US hands over Bagram prison to Afghanistan

Transfer ends one of several bitter standoffs straining bilateral ties as US secretary of state meets Karzai in Kabul.

Afghanistan has taken full control of Bagram military prison from the US, as US-led forces wind down more than a decade of war.

On Tuesday, US Secretary of State John Kerry met for a second day in a row with Afghan President Hamid Karzai to discuss the handover among other issues, as they tried to end recent tensions.

The handover on Monday follows an agreement reached after a week of negotiations between US and Afghan officials, which includes assurances that inmates who “pose a danger” to Afghans and international forces will continue to be detained under Afghan law.

Kerry arrived in Kabul for a surprise trip, holding a news conference with Karzai on Monday in which he said that both governments were “on the same page” on talks with the Taliban, another source of political strain in recent weeks.

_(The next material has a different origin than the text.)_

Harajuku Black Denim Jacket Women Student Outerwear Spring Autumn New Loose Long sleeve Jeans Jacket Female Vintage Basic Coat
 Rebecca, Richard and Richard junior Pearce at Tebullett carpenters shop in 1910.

Karzai praised the handover as a positive step for the Afghan-US relations, and said that he hoped that negotiations to reach an agreement to govern US presence in Afghanistan after 2014 would reach a favourable conclusion.

On talks with the Taliban, Karzai said that the Taliban would have to join the talks soon, and that neighbouring Pakistan also has a role to play in securing a peace deal.

Earlier, Chuck Hagel, the US defence secretary, spoke with Karzai by phone about the detention facility, which is located next to Bagram airfield.

“The secretary welcomed president Karzai’s commitment that the transfer will be carried out in a way that assures the safety of the Afghan people and coalition forces, by keeping dangerous individuals detained in a secure and humane manner in accordance with Afghan law,” George Little, Pentagon spokesman, said in a statement.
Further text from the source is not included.